— Problem requirements —
Look below for the line that has "Thumbnail for VOJ". Set down the lines from there through the line that has "30inch 13x6 lace", exactly as written.

— Web page caption snippets —

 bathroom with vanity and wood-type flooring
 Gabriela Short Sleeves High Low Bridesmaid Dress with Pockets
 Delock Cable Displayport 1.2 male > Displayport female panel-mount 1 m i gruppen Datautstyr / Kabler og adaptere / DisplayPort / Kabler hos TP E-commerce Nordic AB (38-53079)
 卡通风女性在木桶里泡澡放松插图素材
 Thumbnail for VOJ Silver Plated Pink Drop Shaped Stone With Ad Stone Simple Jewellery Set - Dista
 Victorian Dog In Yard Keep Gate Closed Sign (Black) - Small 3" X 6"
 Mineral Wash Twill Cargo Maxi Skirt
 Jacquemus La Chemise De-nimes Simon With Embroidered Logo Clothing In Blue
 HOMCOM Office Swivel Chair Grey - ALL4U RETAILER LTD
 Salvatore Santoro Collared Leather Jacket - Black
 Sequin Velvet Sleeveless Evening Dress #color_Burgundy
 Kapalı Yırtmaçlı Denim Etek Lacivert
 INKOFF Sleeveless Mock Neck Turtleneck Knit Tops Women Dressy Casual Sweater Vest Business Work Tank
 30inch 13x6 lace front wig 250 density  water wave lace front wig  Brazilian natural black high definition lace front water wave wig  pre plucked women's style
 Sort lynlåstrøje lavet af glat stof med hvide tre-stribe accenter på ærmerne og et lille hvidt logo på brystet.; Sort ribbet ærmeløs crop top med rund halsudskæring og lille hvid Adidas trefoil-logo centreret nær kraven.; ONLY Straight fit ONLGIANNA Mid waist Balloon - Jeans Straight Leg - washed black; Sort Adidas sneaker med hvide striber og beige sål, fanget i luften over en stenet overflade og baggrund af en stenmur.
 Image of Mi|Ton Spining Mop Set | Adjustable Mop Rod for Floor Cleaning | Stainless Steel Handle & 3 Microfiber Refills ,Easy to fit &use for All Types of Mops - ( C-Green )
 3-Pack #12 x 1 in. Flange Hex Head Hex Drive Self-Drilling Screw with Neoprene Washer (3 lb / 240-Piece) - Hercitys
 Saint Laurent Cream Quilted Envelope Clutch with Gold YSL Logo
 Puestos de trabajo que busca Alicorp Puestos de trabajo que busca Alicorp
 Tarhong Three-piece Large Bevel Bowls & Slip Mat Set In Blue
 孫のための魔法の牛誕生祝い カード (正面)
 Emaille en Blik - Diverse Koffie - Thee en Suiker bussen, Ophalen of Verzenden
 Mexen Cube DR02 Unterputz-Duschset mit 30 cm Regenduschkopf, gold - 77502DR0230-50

— Written solution —
 Thumbnail for VOJ Silver Plated Pink Drop Shaped Stone With Ad Stone Simple Jewellery Set - Dista
 Victorian Dog In Yard Keep Gate Closed Sign (Black) - Small 3" X 6"
 Mineral Wash Twill Cargo Maxi Skirt
 Jacquemus La Chemise De-nimes Simon With Embroidered Logo Clothing In Blue
 HOMCOM Office Swivel Chair Grey - ALL4U RETAILER LTD
 Salvatore Santoro Collared Leather Jacket - Black
 Sequin Velvet Sleeveless Evening Dress #color_Burgundy
 Kapalı Yırtmaçlı Denim Etek Lacivert
 INKOFF Sleeveless Mock Neck Turtleneck Knit Tops Women Dressy Casual Sweater Vest Business Work Tank
 30inch 13x6 lace front wig 250 density  water wave lace front wig  Brazilian natural black high definition lace front water wave wig  pre plucked women's style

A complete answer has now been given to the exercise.